[NTLUG:Discuss] RE: RMS's Speech

Lance Simmons lance at lsimmons.net
Fri Jan 19 13:32:36 CST 2001


On Thu, Jan 18, 2001 at 10:47:17PM -0600, Christopher Browne wrote:
> 
>    It may be galling to RMS that he didn't get credit, and that people
>    did not agree on the term "GNU System."  
> 
>    That still doesn't establish that Torvalds has any responsibility
>    for robbing the FSF of credit.  

I agree. If I recall, rms said that the linux kernel pushed the project
over the finish line, or something like that. A good analogy here might
be an Olympic relay race victory: the image that sticks in your mind is
the runner of the last leg (the anchor, I think) crossing the finish
line. The anchor is always noticed more.
 
> Changing topics considerably, I found it a real cackle that RMS seemed
> to think that one of the most important pieces of free software was a
> "Windows emulator;" the preponderance of probabilities is that you've
> got three classes of software that might run under such emulation:

I thought the most compelling reason he offered was that such an
emulator would put an end to makers of proprietary Windows software
porting over to linux and polluting the waters.
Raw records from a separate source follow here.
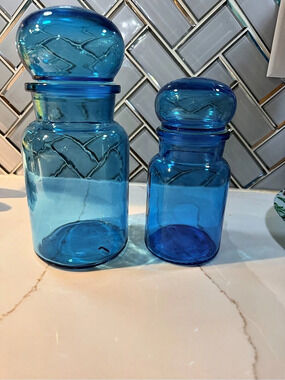Blue Glass Storage Jars Set of 2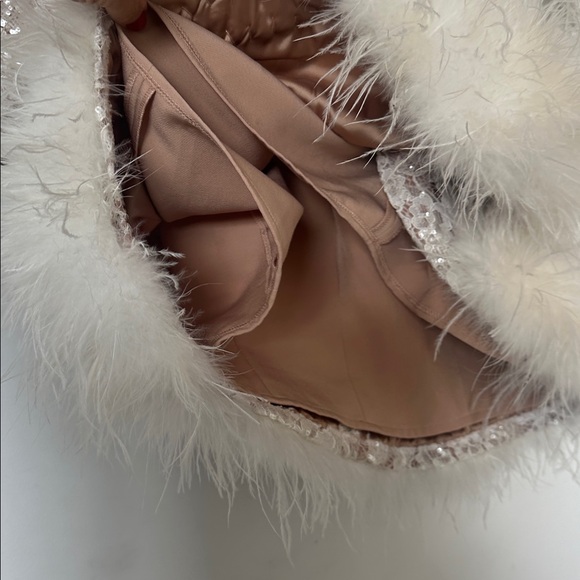 NADINE MERABI Carly Sequins  Mini Dress with detatchable belt and Feather Detail - Picture 8 of 15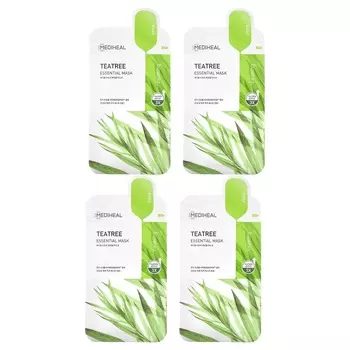 MEDIHEAL, чайное дерево, маска для красоты, 4 листа, 24 мл (0,81 жидких унций) каждый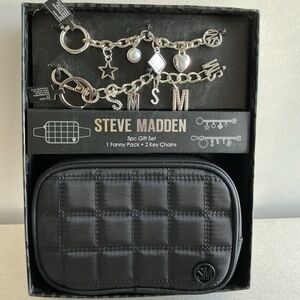 Steve Madden Black Quilted Belt Bag with Two Silver Keychains NWT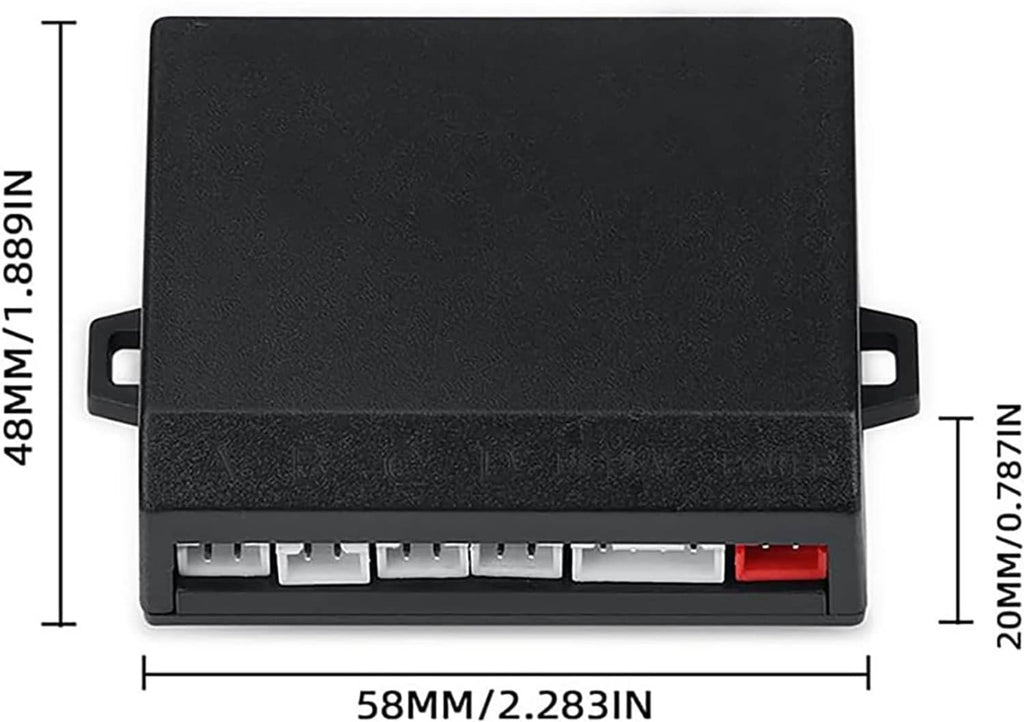 Parking sensor main control box with connector terminals, front panel and size markings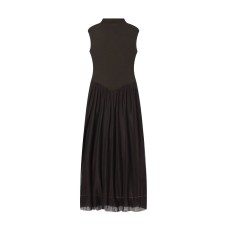 Half high neck sleeveless waist cinched long dress for women Half high neck sleeveless waist cinched long dress for women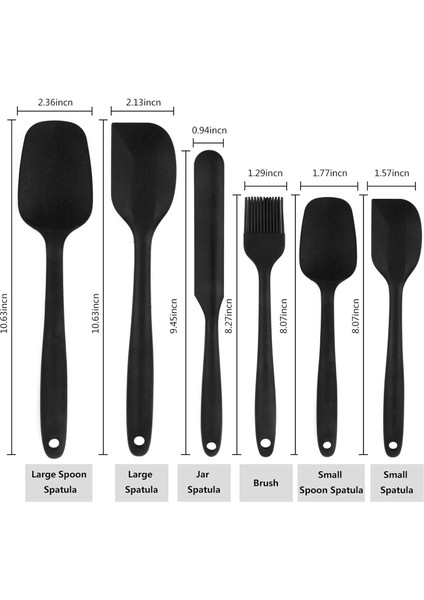 Silikon Spatula, Pişirme, Pişirme ve Karıştırma Için 6 Parçalı Isıya Dayanıklı Kauçuk Spatula Seti Mutfak Gereçleri Paslanmaz Çelik Çekirdekli Dikişsiz Tek Parça Spatula (Siyah) (Yurt Dışından)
In terms of Catholic
moral theology (the moral tradition with which I'm most familiar), the
question would be whether what he proposes amounts to formal
cooperation with evil (which is never justified) or merely material
cooperation (which sometimes can be). The crucial questions would be

(1) whether the evil avoided (polluting the pure GNU/Linux waters) is
significantly greater than the evil permitted (people running non-free
software on a free windows emulator who are already running that
non-free software on a non-free OS), and

(2) whether there are legitimate uses for such an emulator sufficient
to make it at least prima facie reasonable to create the emulator in
the first place. 

There's no doubt that for rms the answer to (1) is yes, I think he also
made the case that the answer to (2) is yes, by pointing out that there
are many free windows programs that people would like to run on a free
emulator.

So I think his proposal would receive a thumbs up if he were to ask a
Catholic moral theologian for advice. Not that I'm under the illusion
that he's likely to do so.
-- 
  .~.
  /v\   Lance Simmons
 // \\  lance at lsimmons.net
/(   )\
__^_^________________________________________________________________________
An inventor is a person who makes an ingenious arrangement of wheels, levers
and springs, and believes it civilization.